Von: Ivd
Bozen – Am heutigen Mittwochvormittag wurde die Dezember-Sitzungsfolge des Südtiroler Landtages fortgesetzt, deren einziges Thema der Landeshaushalt 2025 mit seinen Begleitgesetzen ist, also die Landesgesetzentwürfe Nummer 31/24 „Landesstabilitätsgesetz für das Jahr 2025“, Nummer 32/24 „Haushaltsvoranschlag der Autonomen Provinz Bozen 2025-2027“ und Nummer 33/24 „Bestimmungen in Zusammenhang mit dem Landesstabilitätsgesetz für das Jahr 2025“ (alle eingebracht von der Landesregierung auf Vorschlag von LH Arno Kompatscher).
Die gestern begonnene (eins, zwei) Generaldebatte wurde mit der Stellungnahme von Maria Elisabeth Rieder (Team K) wieder aufgenommen: Die Abgeordnete verwies unter anderem darauf, dass parteipolitische Interessen oft dem Interesse der Bürger übergeordnet würden – sie rufe deshalb zu mehr Dialog im Interesse der Bürger und mehr politischer Verantwortung auf. Sie wolle an einige Anträge des Team K erinnern, die zum Teil auch angenommen worden seien und sich zum Teil auch bereits in Umsetzung befänden.
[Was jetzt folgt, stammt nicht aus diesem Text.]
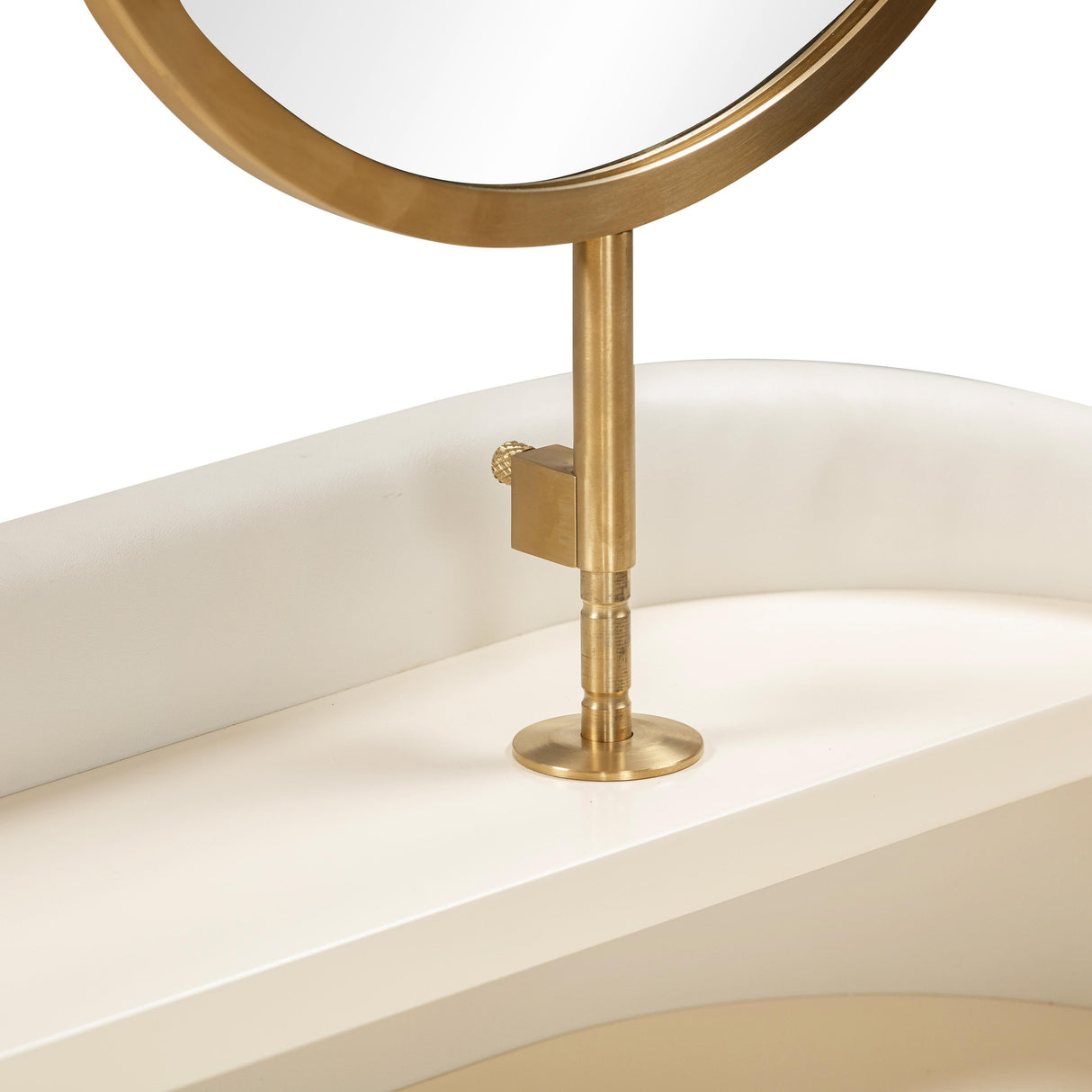 TOV Penelope Cream Vegan Leather Wrapped Vanity Desk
Man habe etwa bereits mehrmals über die Erhöhung des Unterhaltsvorschusses für Ein-Eltern-Familien gesprochen. Sie sehe den Haushalt deshalb mit etwas Genugtuung, aber auch mit Skepsis – die HH-Rede des LH habe zahlreiche Versprechen und Ankündigungen enthalten, aber man wisse aus der Vergangenheit, dass diese dann mitunter nicht umgesetzt werden.
2025 müsse das Jahr der spürbaren Gehaltserhöhungen werden. Die Gehaltserhöhungen im öffentlichen Dienst seien eine unendliche Geschichte. Bei der Beurteilung des realen Kaufkraftverlusts seien auch die gewährten Vergünstigungen mit einzurechnen, habe der LH in seiner HH-Rede unter anderem gesagt, und dass es die Gehaltselemente differenziert zu betrachten gelte. Es entstehe der Eindruck, dass man einfach so lange rechne, bis das Ergebnis passe. Zwischen 2016 und 2023 seien die Lebenshaltungskosten im Land um 25 Prozent gestiegen, die nominale Lohnerhöhung aber habe bei neun bis 15 Prozent gelegen. Die Inflationsanpassung müsste zwölf Prozent betragen, damit man heute dasselbe kaufen könne, wie 2016.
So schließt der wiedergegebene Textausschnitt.